L’ultimo Tripwire ha ispirato i commenti d’un paio di lettori.
La PA “dipendente-centrica”, addita il primo, coi diritti ai
dipendenti e i doveri sul cittadino, reca una peculiare ostilità
alla comunicazione real time. Vero. Occorre ripetere tuttavia che,
non i “fannulloni” esecrati da Renato Brunetta, ma i dirigenti
sono causa di ritardi, scarsa trasparenza e carenza di e-work,
cortina dell’incapacità organizzativa, quando non degli
illeciti.
Ciò è confermato dal secondo commento, sulle relazioni
cittadino-giustizia. Un dirigente di cancelleria, impiegato al di
sopra delle sue capacità, rifiuta di ricevere un atto per fax o
per posta certificata. Non c’è giustificazione per tale
ostruzionismo, le cui conseguenze, ben prima dei tempi del
processo, della incertezza della pena, delle intercettazioni, ben
prima della malagiustizia, ricadono sul cittadino.

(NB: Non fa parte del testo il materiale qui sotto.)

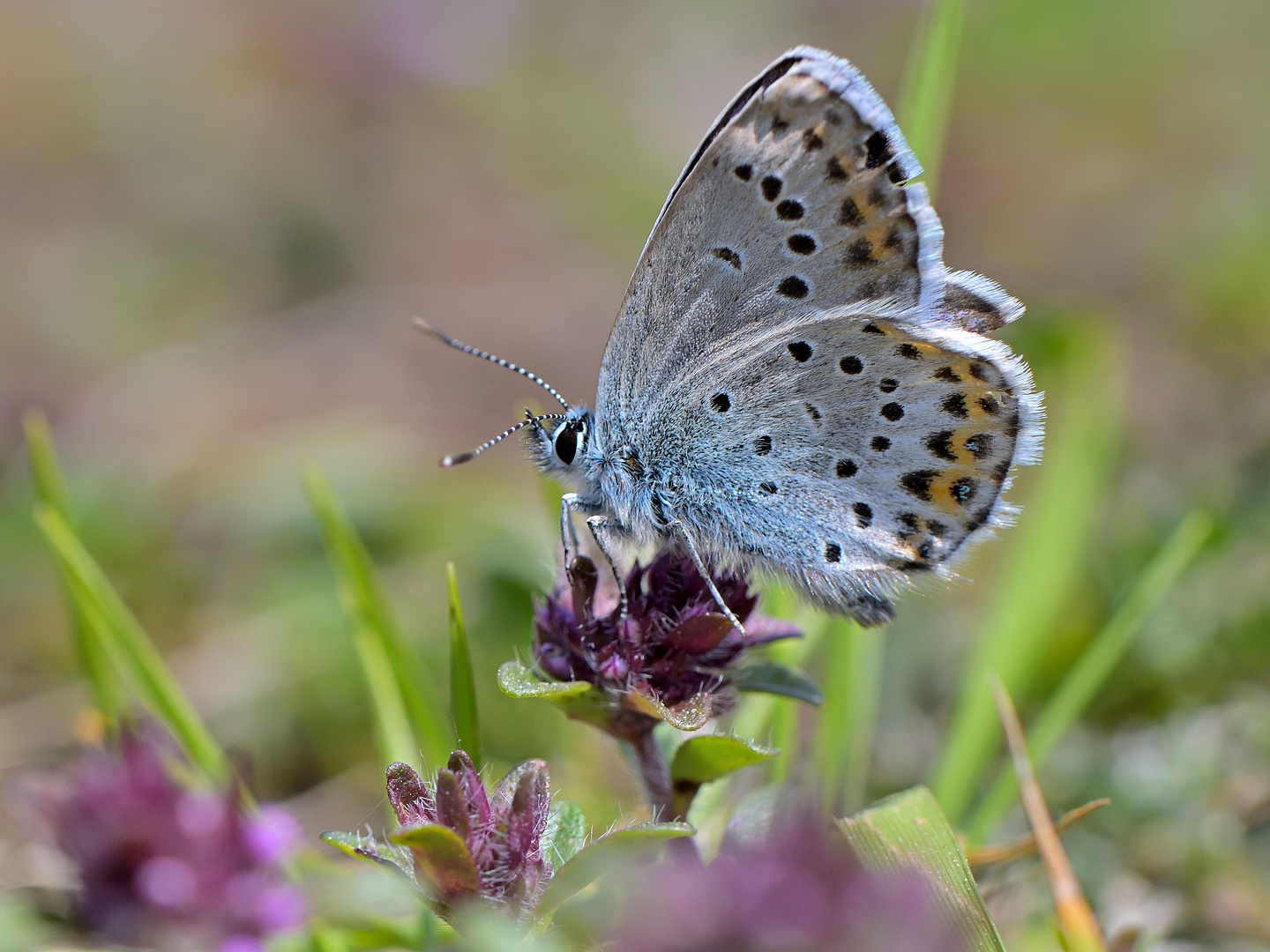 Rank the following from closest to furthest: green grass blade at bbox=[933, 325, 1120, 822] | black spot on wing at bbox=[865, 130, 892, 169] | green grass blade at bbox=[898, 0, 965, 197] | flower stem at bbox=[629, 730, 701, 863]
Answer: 1. flower stem at bbox=[629, 730, 701, 863]
2. black spot on wing at bbox=[865, 130, 892, 169]
3. green grass blade at bbox=[933, 325, 1120, 822]
4. green grass blade at bbox=[898, 0, 965, 197]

Urge un codice deontologico che tenda a distinguersi con una
forzatura costituzionale, nel quale s’enunci l’obbligo della
massima trasparenza degli atti e della comunicazione online con
l’utenza. Se una PA è carente nella comunicazione real time, le
conseguenze devono esserle ascritte con riparazioni immediate e
risarcitorie per il cittadino.
Il secondo principio è una revisione della normativa sui dati
privati: nome, cognome, compito, stipendio, struttura
organizzativa, obiettivi conseguiti e falliti, e la documentazione
deve essere online: chi fa cosa, la sua e-mail, negli ospedali, nei
municipi, nei tribunali, nel parlamento, dappertutto nella PA. Ci
sono già gli Urp? Ormai sono solo una cortina un po’ meno grezza
dell’usciere che t’apostrofava:”Dicaaa!”.